§ **Aim of the exercise**
The part to set down runs from the first line of the data below through the line with "Продажа 2-комнатной квартиры в Сочи", inclusive; write it exactly and leave out the pictures.

§ **Task data**
*** Block opens ***
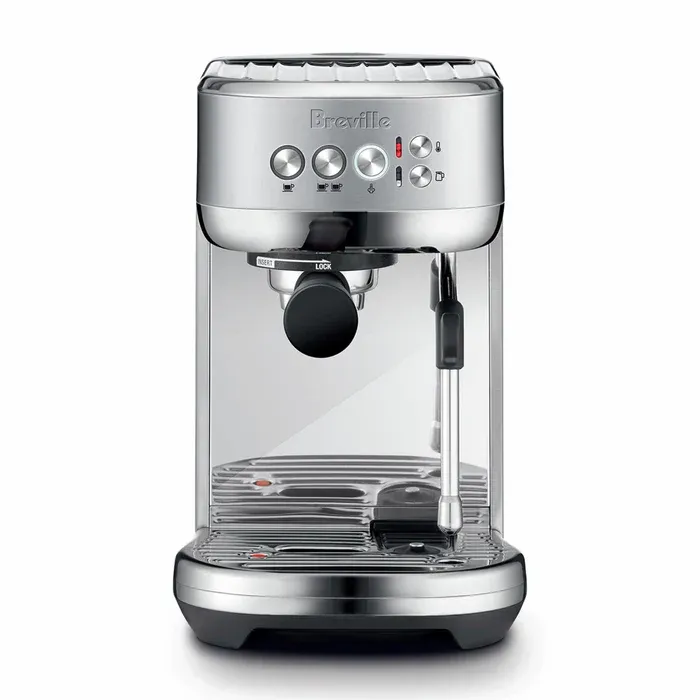 Breville Bambino® Plus BES500BSS1BUS1 Espresso Machine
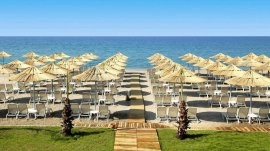 Side: Plaža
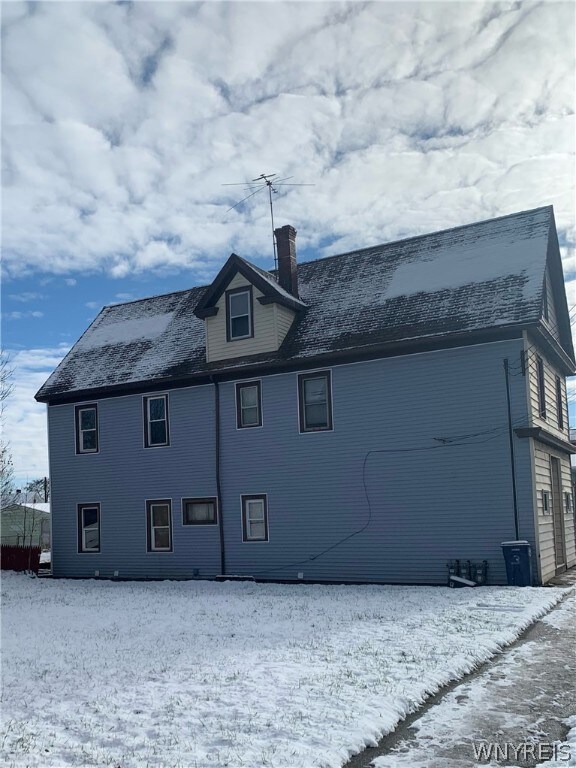 551 19th St, Niagara Falls, NY 14301 - photo 2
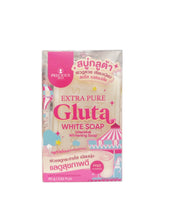 Precious Skin Thailand Extra Pure Gluta White Soap provides deep cleansing for daily use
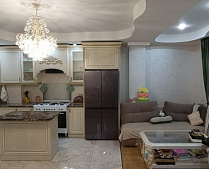 Продажа 2-комнатной квартиры в Сочи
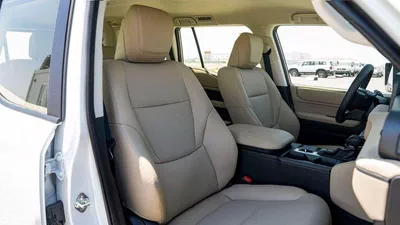 Toyota Prado GXR TOYOTA PRADO 250 TXL 2.8D AT MY2025 – WHITE-8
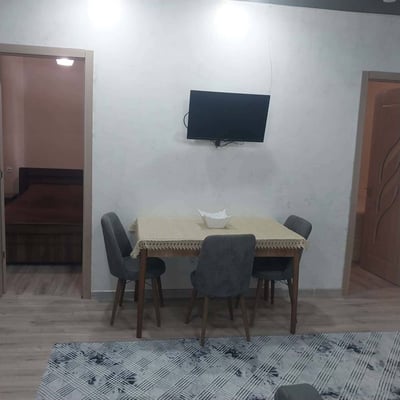 Location d'un appartement spacieux et entièrement meublé, Batoumi, Géorgie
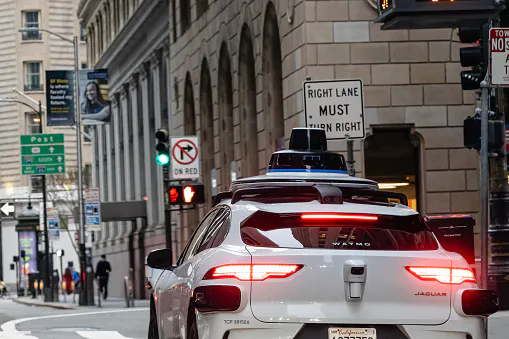 As the race for autonomy heats up, data shows Google’s Waymo costs more than Uber and Lyft
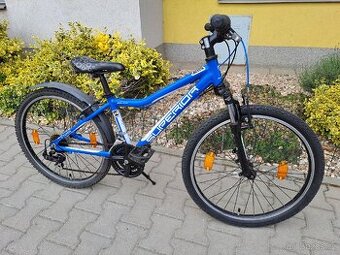 DĚTSKÉ KOLO SUPERIOR PANDA 24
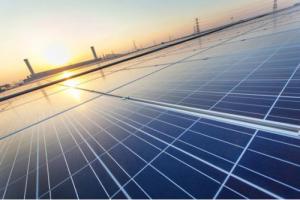 淄博首個鄉(xiāng)鎮(zhèn)級合同能源管理光伏項目并網(wǎng)發(fā)電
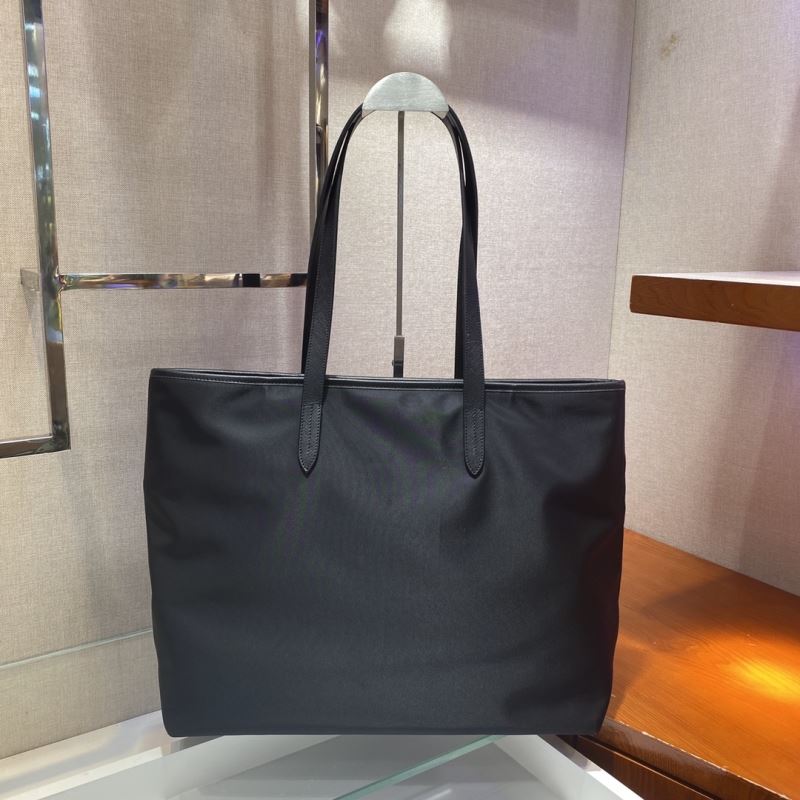 Pra*a tote bags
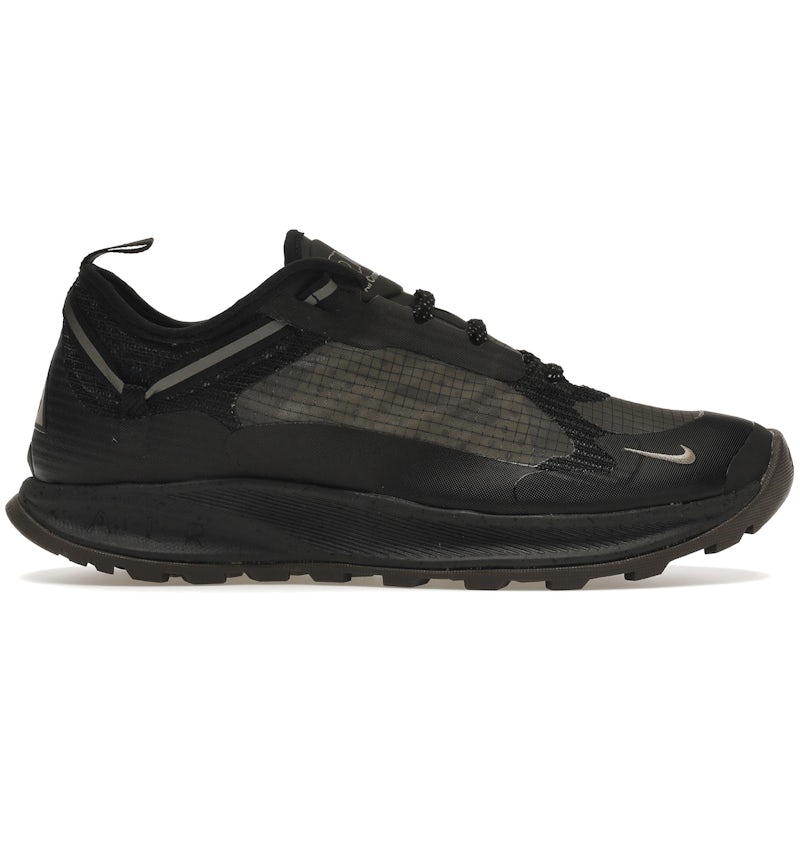 Nike ACG Air Nasu Anthracite Men's DC8296-002 US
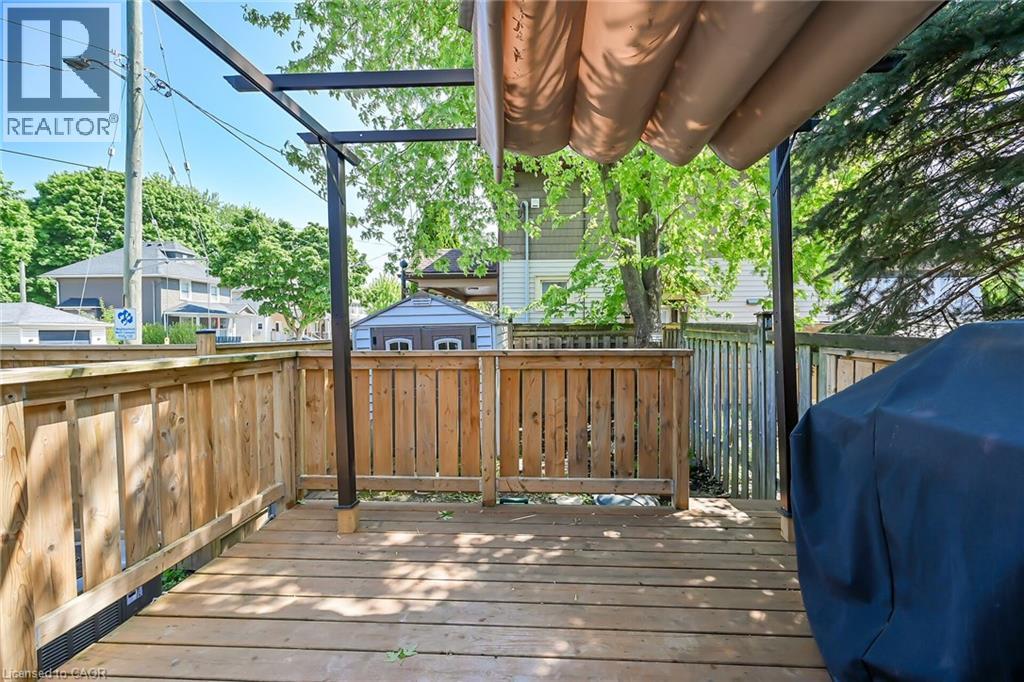 50 York Street, St. Catharines, Ontario  L2R 6C3 - Photo 45 - 40836447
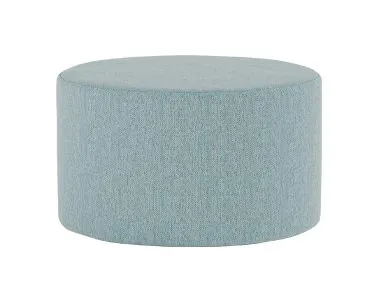 Tropitone Furniture 9A2408RD30 Resort Soft Seating 30″ Round Stool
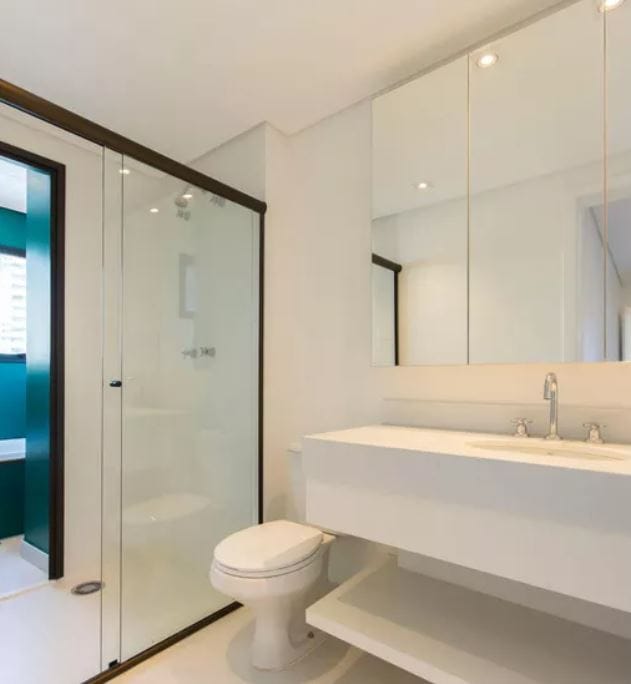 Apartamento para alugar com 2 quartos, 100m² - Foto 7
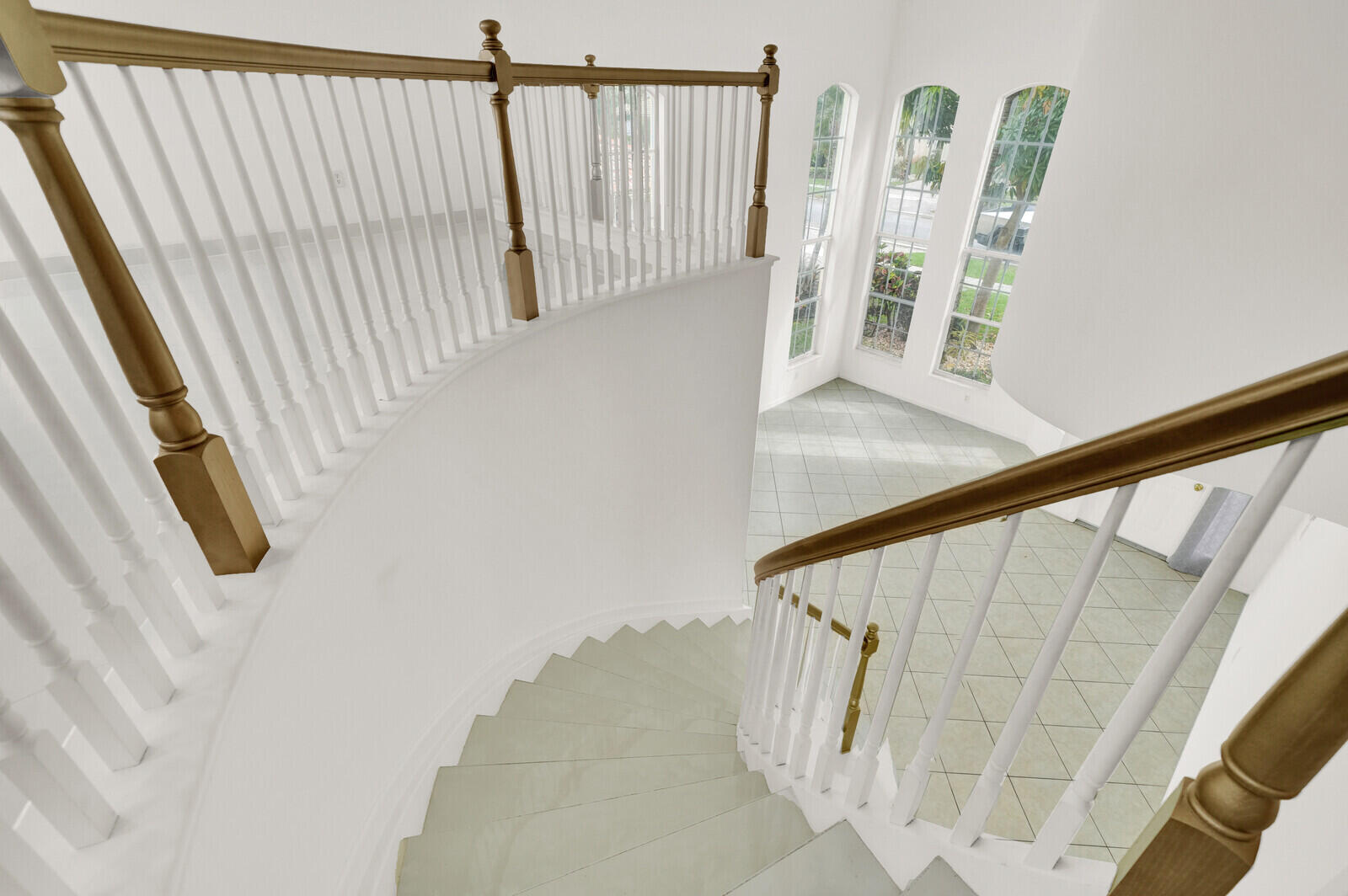 OLYMPIA 1 - Residential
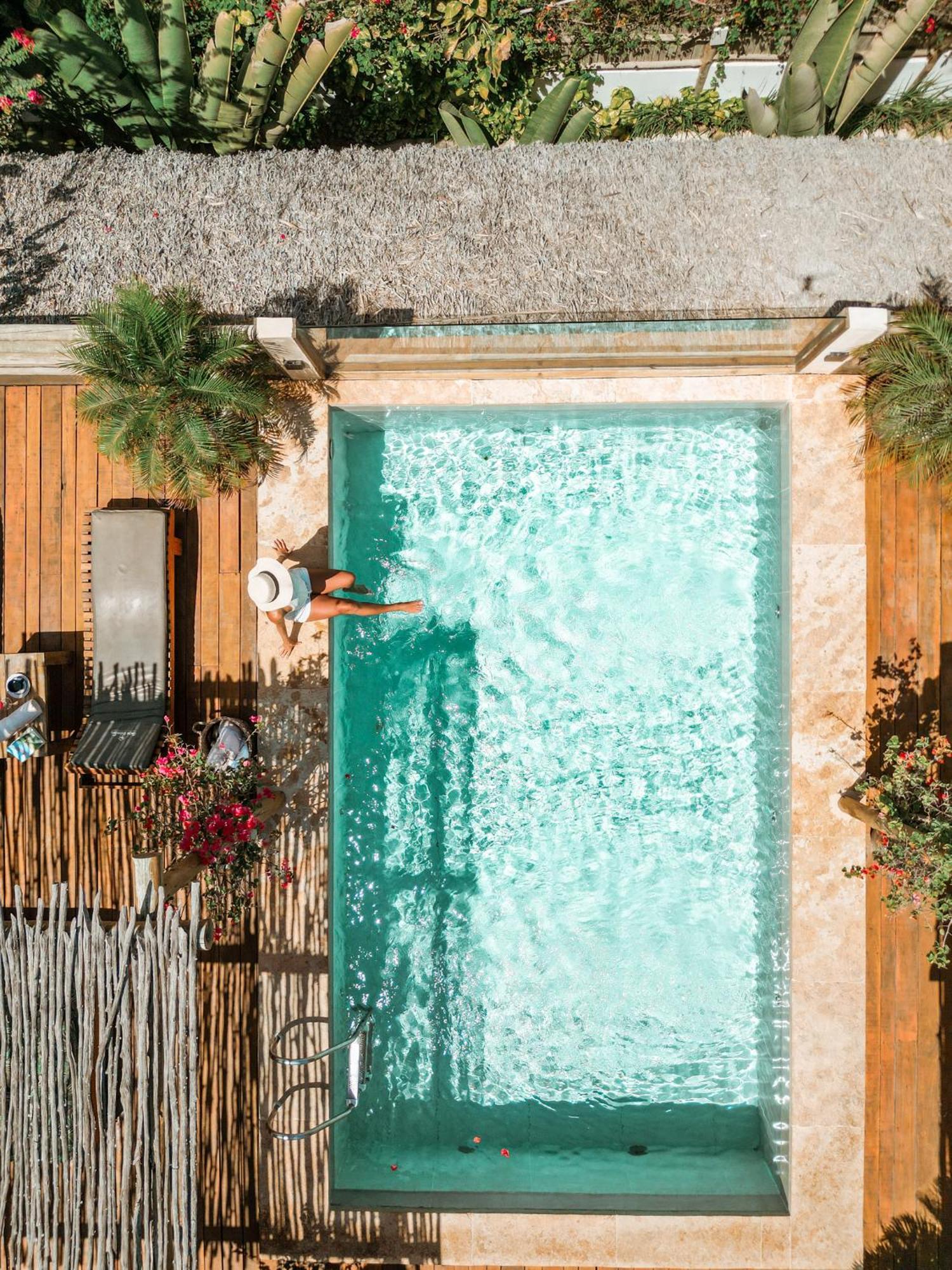 Casa Valentini Pousada Jijoca de Jericoacoara Zewnętrze zdjęcie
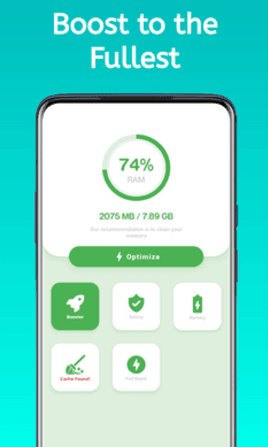 pubgapp(Razer GFX Tool Free)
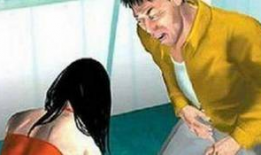 男人强奸女人视频,揭秘网络传播的强奸视频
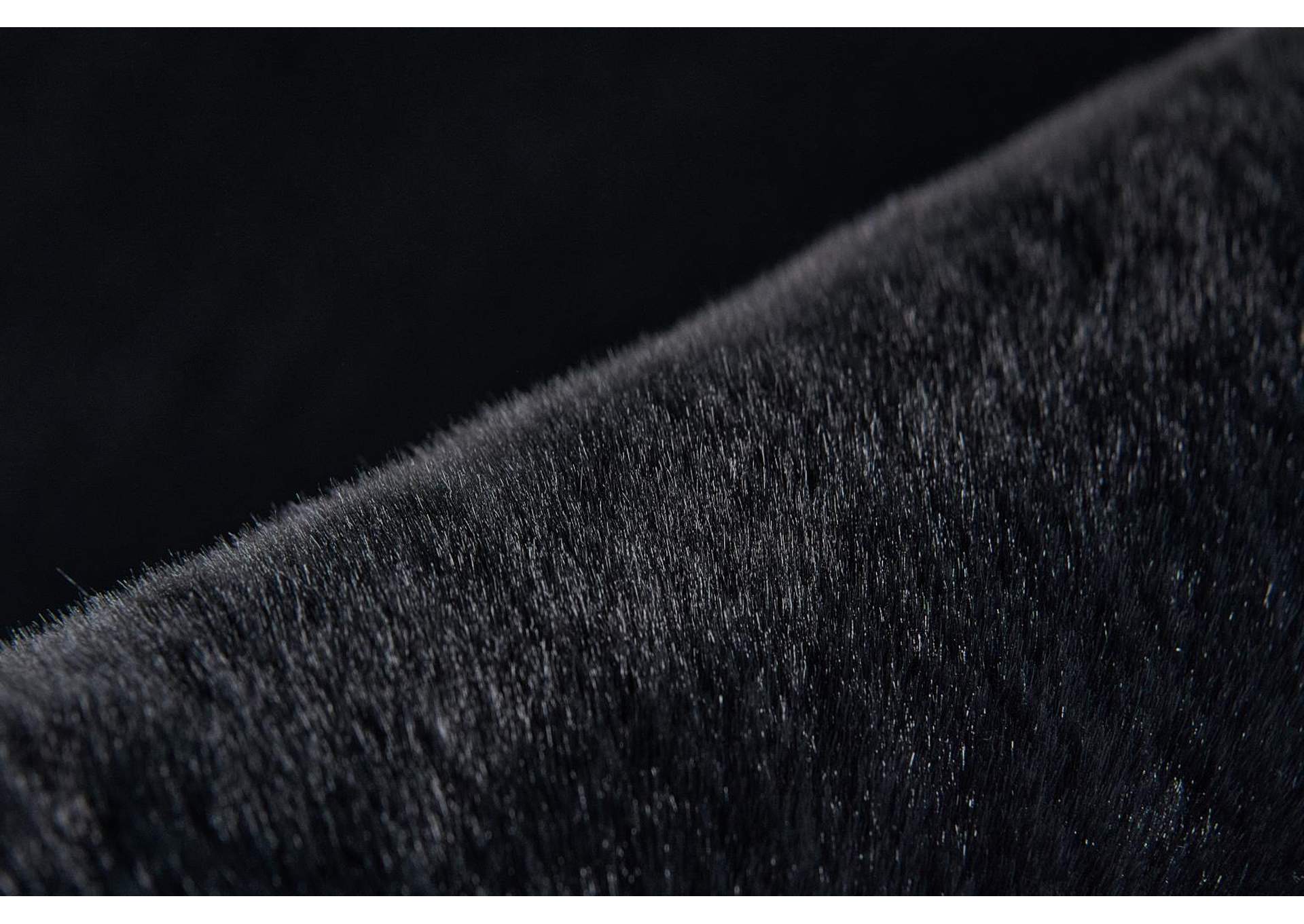 MIAMI COLLECTION MEMORY FOAM FUR MM02  5' X 7' image 6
*** Block closes ***
§ **Written solution**
 Breville Bambino® Plus BES500BSS1BUS1 Espresso Machine
 Side: Plaža
 551 19th St, Niagara Falls, NY 14301 - photo 2
 Precious Skin Thailand Extra Pure Gluta White Soap provides deep cleansing for daily use
 Продажа 2-комнатной квартиры в Сочи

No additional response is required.